Although my career as an investment banker was in the United States, it was in Canada that I would have my date with destiny.
I spent my career advising Canadian public administrations and private companies on investment questions. I worked tirelessly to represent the interests of the federal government and those of the provinces. For many years, I was responsible for the Quebec and Hydro-Québec portfolios, in addition to advising many Canadian corporations, including Bell Canada, Canadian Pacific Ltd. and Imperial Oil Ltd.
If I enjoyed a prosperous career in finance, there is no doubt I owe it to Canada, its executives and its entrepreneurs. So when the time came for me to retire, I wanted to return the favour and show my gratitude. To do so, in 1985, I established the Richard J. Schmeelk Canada Fellowship, which today is one of the most prestigious scholarships in the country.
For the past 25 years, the Schmeelk Canada Foundation has awarded generous fellowships to young Canadian leaders who have completed an undergraduate degree and wish to continue their studies in the country's other official language.

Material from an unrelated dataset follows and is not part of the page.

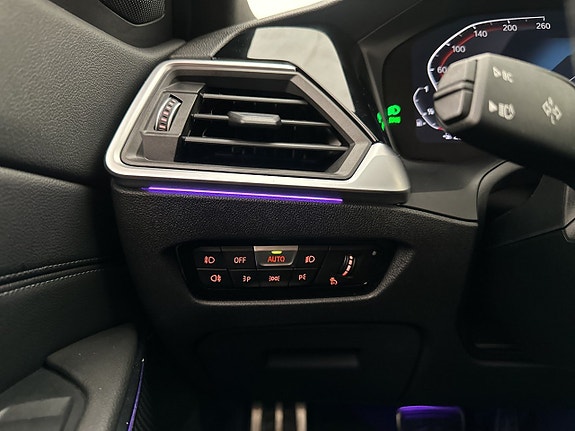 BMW 330i 16 of 30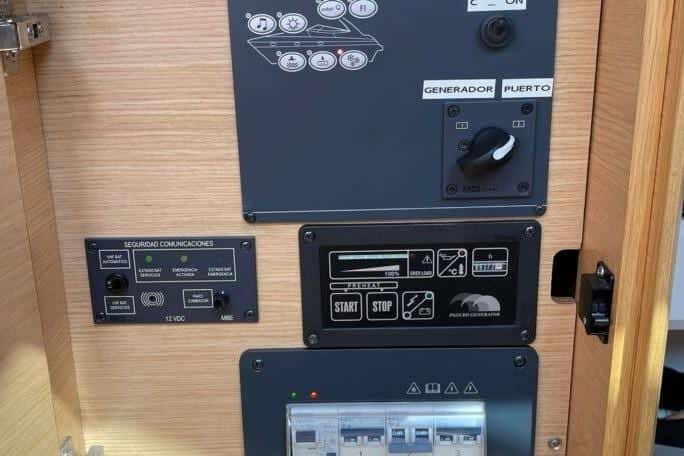 Bavaria S33 - miniatura 10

This fellowship provides $10,000 per semester to master's and doctoral students, to a maximum of $40,000 over four semesters. Candidates must be Canadian citizens or permanent residents who have already applied to one of the following Canadian universities: the University of Western Ontario (London) or University of Calgary for francophones, and Université Laval or Université de Montréal for anglophones.

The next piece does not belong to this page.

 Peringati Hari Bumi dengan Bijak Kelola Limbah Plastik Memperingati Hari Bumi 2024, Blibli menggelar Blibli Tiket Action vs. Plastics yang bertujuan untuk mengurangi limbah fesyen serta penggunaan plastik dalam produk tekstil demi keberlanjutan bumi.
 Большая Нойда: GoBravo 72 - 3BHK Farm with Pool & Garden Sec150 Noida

The fellowship supports leadership and academic excellence as well as encouraging greater understanding and collaboration between the country's francophone and anglophone communities, stimulating discussion and giving tomorrow's decision-makers a more inclusive and tolerant vision of Canada's cultural diversity.
To date, more than 80 young Canadian leaders have benefited from the fellowships and shared in a total of more than $3-million.
They form an exceptional group of motivated young people across the country who share the conviction that through tolerance and mutual understanding, Canada's linguistic and cultural duality is not a weakness, but a great strength that must be a source of pride for all Canadians.
Through their understanding and acceptance of the complexity and multiplicity of Canada's linguistic and cultural foundations, the fellows strive to reaching the foundation's objectives and contribute to Canada's cultural wealth.
Richard J. Schmeelk is the founder of the Schmeelk Canada Foundation.